Tips for installing child seats
BOSTON
New child seat standards will be phased in over the next three years. Meanwhile, some National Highway Traffic Safety Administration tips:
*Children should always ride in the back seat, and whenever possible in the center of the car.
*When you grab the seat at the slots where the belts hold it, it should rock no more than 1 inch side-to-side. The top of the child seat should pull no more than 1 inch away from the seat back.
*To get it tight enough, put your weight on the seat to press it down as you tighten the seat belts.
*Infants less than 20 pounds and less than one year old should ride in a rear-facing child seat. When children reach 20 pounds and one year, they can face forward in a car seat. Above 40 pounds, children can ride in a booster seat.
*Children should not ride in any seat with an active front or side air bag.
*Child seats should not be attached with a belt that can reel out after it is buckled, such as most shoulder belts. Passenger shoulder belts in many cars will lock to secure a child seat when you pull them out all the way and then retract them. The belts will click every inch or so as they retract to indicate they are in the locking child-seat mode.

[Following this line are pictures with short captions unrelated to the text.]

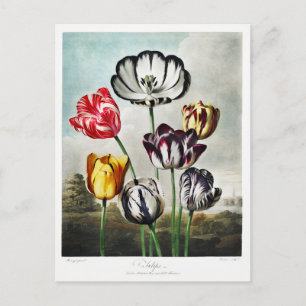 Tulip Flowers Artwork Feestdagenkaart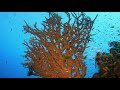 2 hours of beautiful coral reef fish 🐠 relaxing ocean fish u0026 stunning aquarium relax music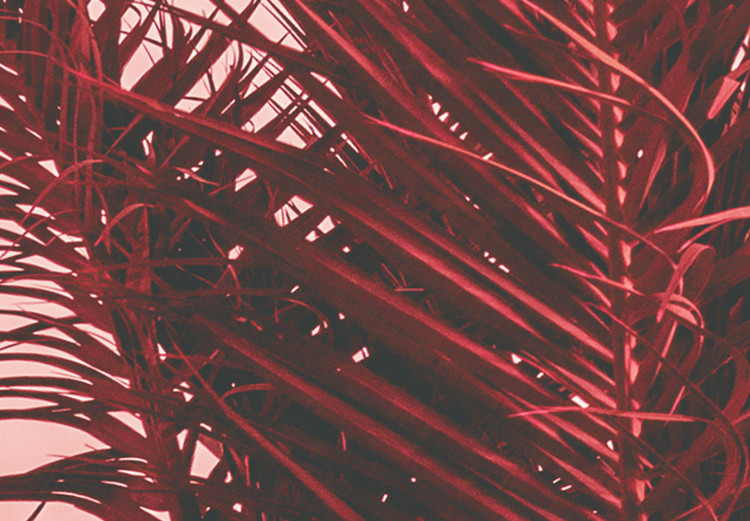 Obraz Czerwona palma - liście palmy w świetle zachodzącego słońca 128825 additionalImage 5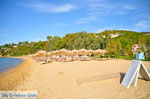 Aghia Paraskevi (Platanias beach) | Skiathos Sporades | Greece  Photo 12 - Photo JustGreece.com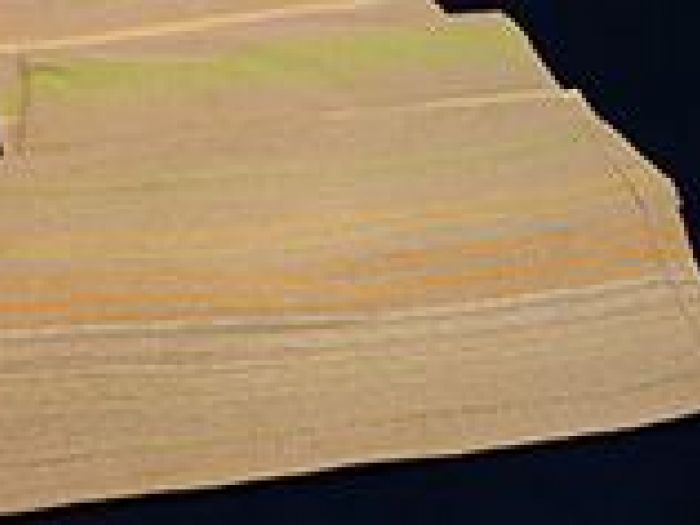 Archisio - Langolino Laboratorio Tessile - Progetto Tovagliato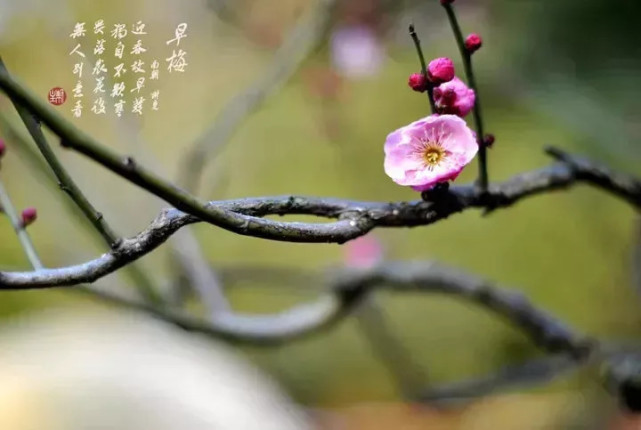 四季花開(五律二十首)/項冰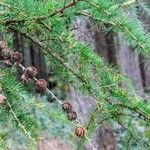 Larix decidua Vaisius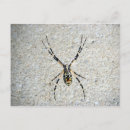 Suche nach bein postkarten Spinne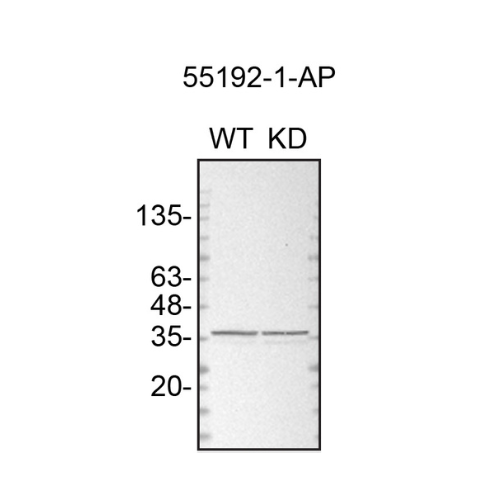 WB Image
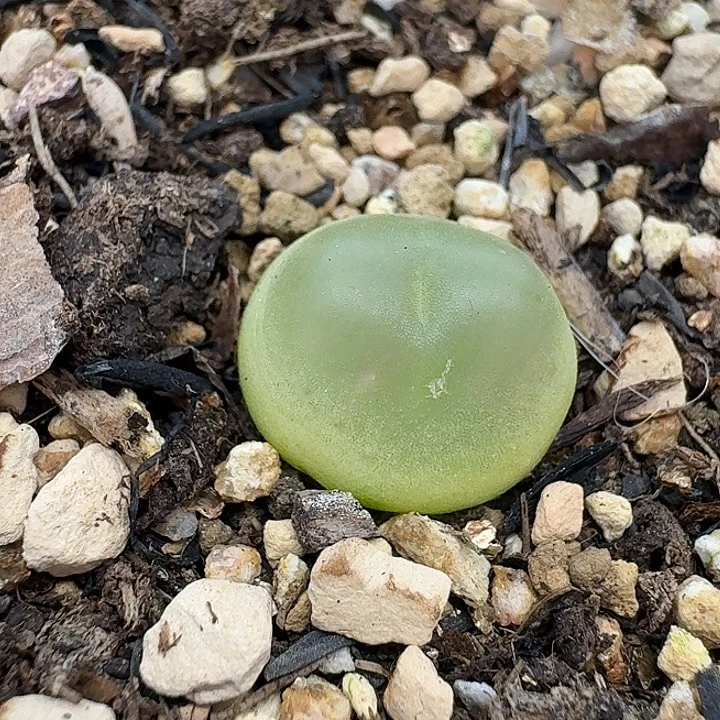 老马生石花1.4拉登1511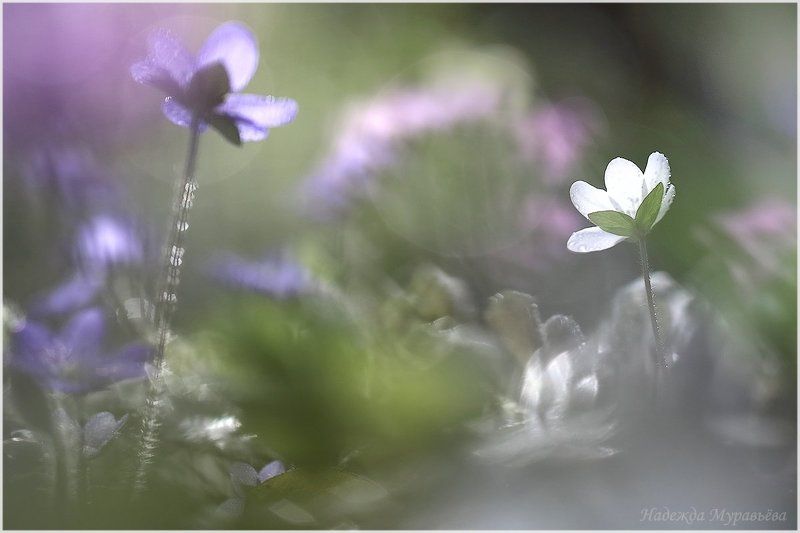 печёночница,  hepática,  перелеска Про веснуphoto preview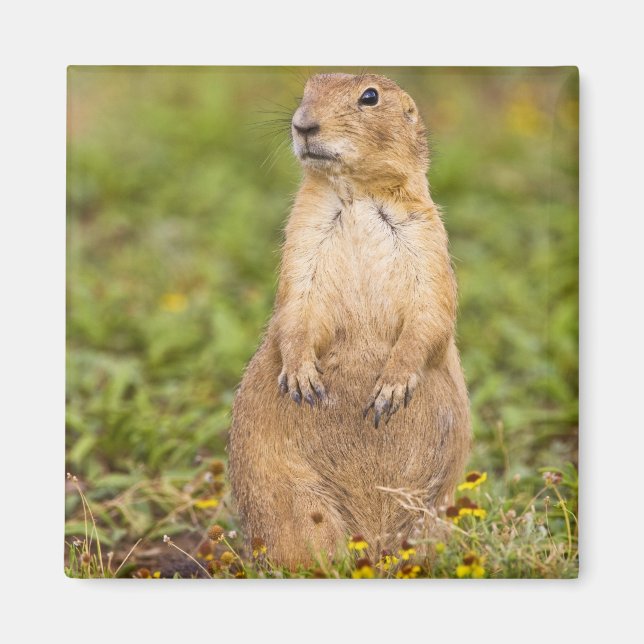 Black-tailed Prairie Dog Cynomys Magnet (Front)
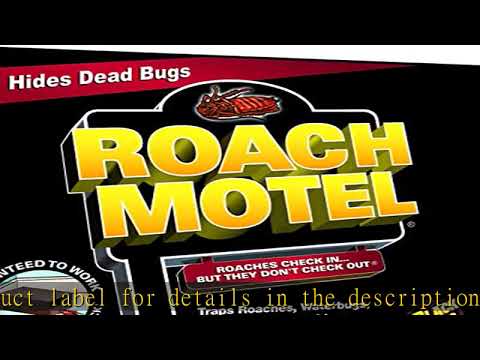 Black Flag Roach Motel Traps, 2-Count, 1-Pack
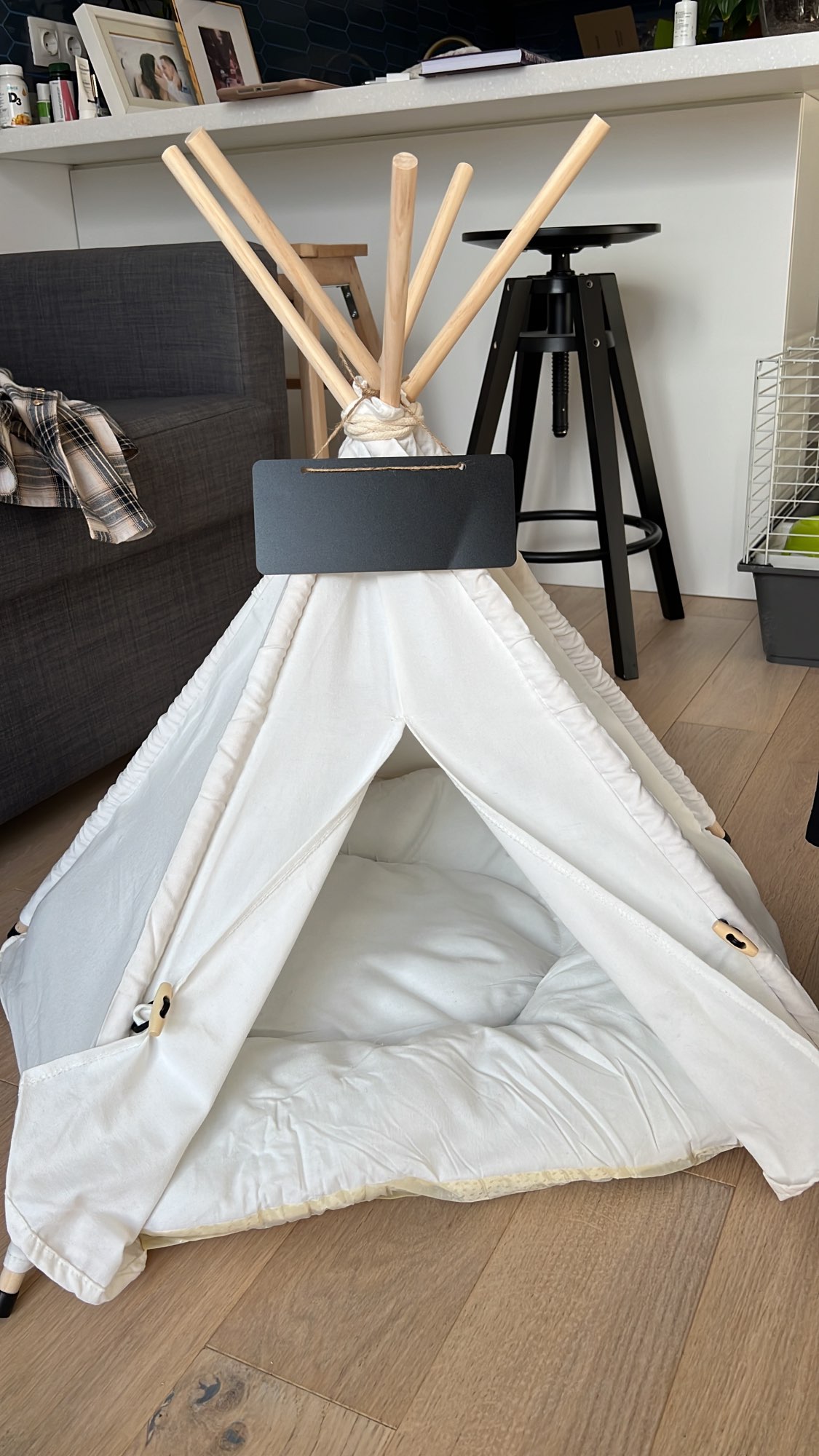 Modern Pet Tent Bed photo review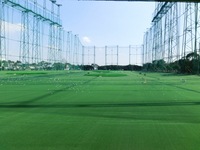 CIMG0257.JPG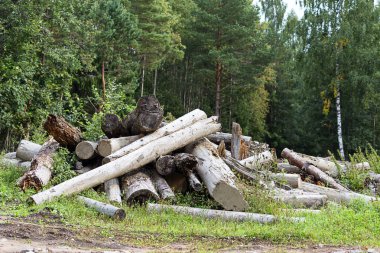 Ormanların tahrip edilmesi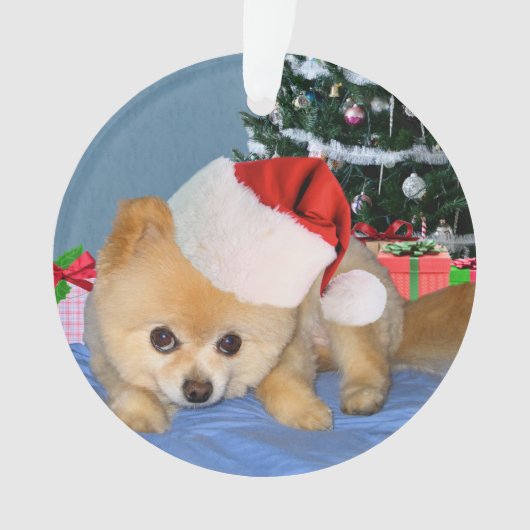 Weihnachten, Spitz-Hund, Weihnachtsmannmütze Ornament (Vorderseite)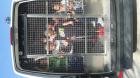 20160926_105349 (Medium)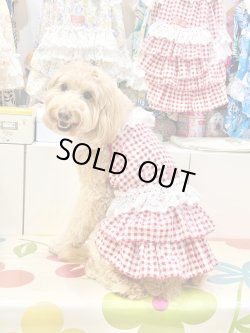 画像8: レースコットン☆ギンガム柄スーパーガーリーワンピ（レッド）・３号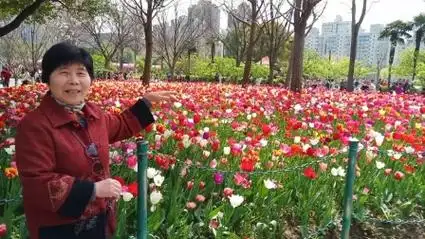 大宁公园看郁金香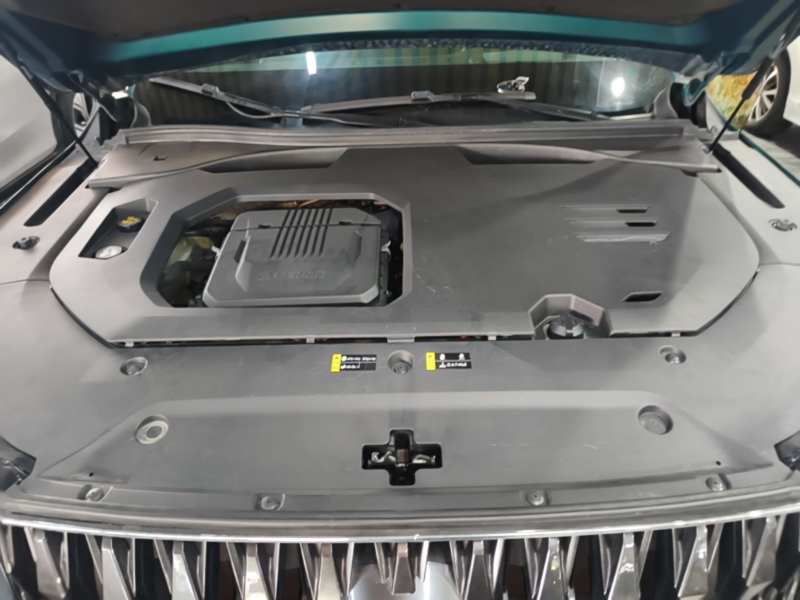 Used GAC Trumpchi GS8 2022 Dual-Engine Series 2.0TM Two-Wheel Drive Prestige Edition (7 Seats) — 20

*Seat belts that won't hold a child seat tightly may require an accessory locking clip, provided with most car seats, that won't let the belt slide. To attach the locking clip, buckle the seat in tight, hold the buckle in position along the belts, and release the buckle to get some slack. Then fold both the lap and shoulder belts into the clip on top of each other and rebuckle. The locking clip should be as close to the buckle as possible.
*With old manual-cinch lap belts, make sure the latch plate (the male end of the buckle) lies flat when it is buckled, not at an angle. If you can't get the belt tight enough without the buckle bending over the child-seat slot, turn the latch plate over 1/2 turn and buckle it upside down so the belt goes flat over the bottom of the latch plate before turning to go through the seat.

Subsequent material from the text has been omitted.